The Story of Urban Light

(source from LACMA)

Urban Light is one of several works by Chris Burden (1946–2015) in LACMA’s collection. Burden, who was born in Boston, Massachusetts, moved to California in 1965. During the early 1970s, Burden’s first mature works were characterised by the idea that the truly important, viable art of the future would not be objects, but that art would be ephemeral and address political, social, environmental, and technological change. The images of Burden that continue to resonate in the public mind are of the artist who had himself shot (Shoot, 1971), locked up (Five Day Locker PIece, 1971), electrocuted (Doorway to Heaven, 1973), cut (Through the Night Softly, 1973), crucified (Trans-fixed, 1974), and advertised on television (4 TV Ads, 1937–77). His work subsequently shifted, focusing on monumental sculptures and large-scale installations, two of which—Urban Light (2008), and Metropolis II (2010)—are currently on view at LACMA.

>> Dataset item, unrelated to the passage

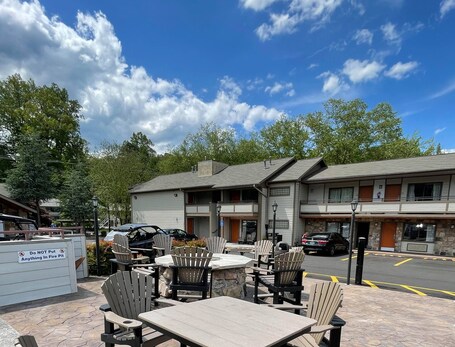 Howard Johnson by Wyndham Downtown Gatlinburg - Image 34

In honor of Urban Light, we are sharing an excerpt of a public conversation about the sculpture between LACMA CEO and Wallis Annenberg Director Michael Govan and Burden, hosted at LACMA in December 2008.

Chris Burden with Urban Light, 2010

Govan: Let’s talk about the making of Urban Light.

Burden: Well, this wasn’t something I planned to do. One day I was walking around at the Rose Bowl Flea Market with my friend Paul Schimmel and his son, Max, and Max came running over and said, “Oh, you should check these out, Chris.” I went over and I saw two of these antique lamps spread in parts. The man who was selling them, Jeff Levine, said, “Oh yeah, they’re genuine. They’re from the ’20s. You can buy them both. I’ll give you a real good price and I’ll deliver them.” So he brought them out and I said, “Do you have any more?” He said, “Yeah, I got four more like that.” I said, “Well, okay, I’ll buy those too.” Over the course of a year I bought about 70 that he had in his backyard, all in this state of component parts. I lugged them all up to my place in Topanga. But he was saving some of the really big ones and he didn’t want to sell to me. So I asked him, “Do other people collect these lamps too?”

Jeff had been collecting them for about 20 years, and he would go to the city when they were knocking them down. The city didn’t really care about them—most of them got taken to the landfill and thrown away—but he would go through all the broken parts. If there were 20 busted-up lamps he could salvage enough parts to make, maybe, three lamps. And he single-handedly moved all the stuff around. He’d gotten tired of being their caretaker. So when I asked him if other people collected them, because I wanted to buy more, he confessed he had another 85 stored.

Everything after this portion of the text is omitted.